* Brief *
From the line containing "Porträt gut aussehender" to the last line of the data, both included, transcribe each line exactly, leaving out pictures and adding nothing.

* Given material *
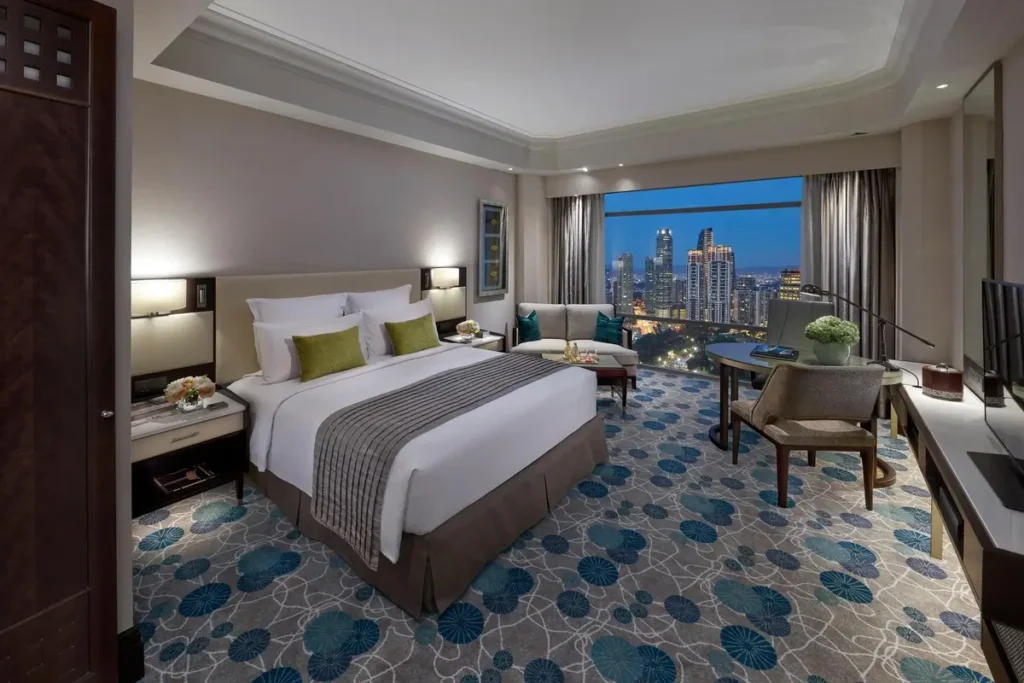King bed, seating, desk, and windows overlooking the park and illuminated city buildings in a Deluxe Park View Room.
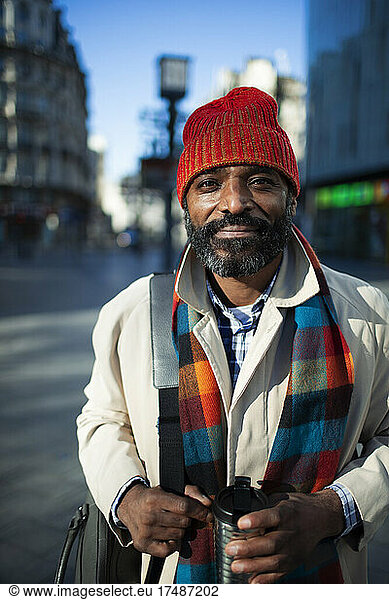 Porträt gut aussehender Geschäftsmann mit Strumpfmütze auf städtischer Straße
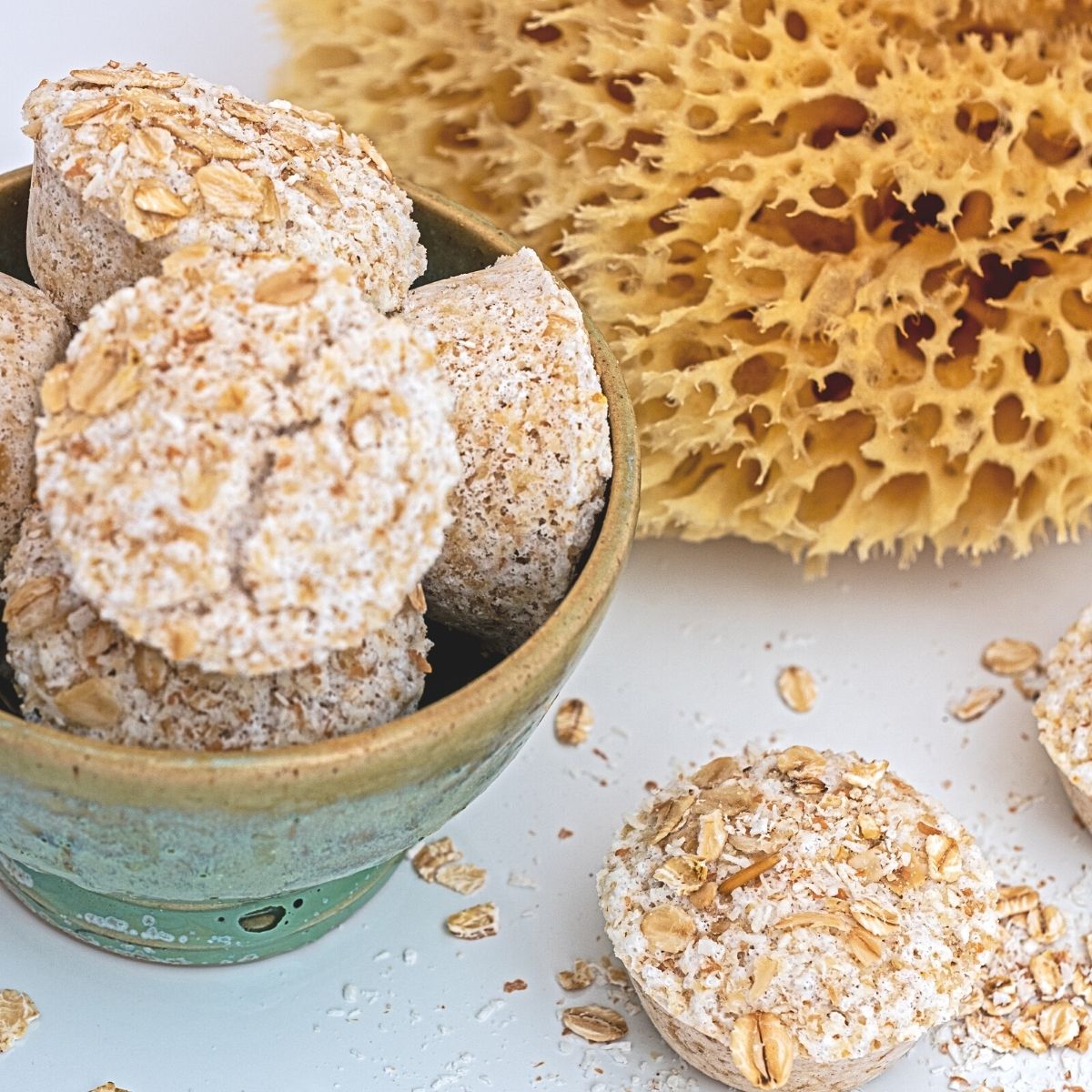 A beautiful seafood green bowl with DIY colloidal oatmeal bath soak. A yellow natural sea sponge rests behind the bowl. Pieces of oatmeal are scattered around the table.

* Your solution *
 Porträt gut aussehender Geschäftsmann mit Strumpfmütze auf städtischer Straße
 A beautiful seafood green bowl with DIY colloidal oatmeal bath soak. A yellow natural sea sponge rests behind the bowl. Pieces of oatmeal are scattered around the table.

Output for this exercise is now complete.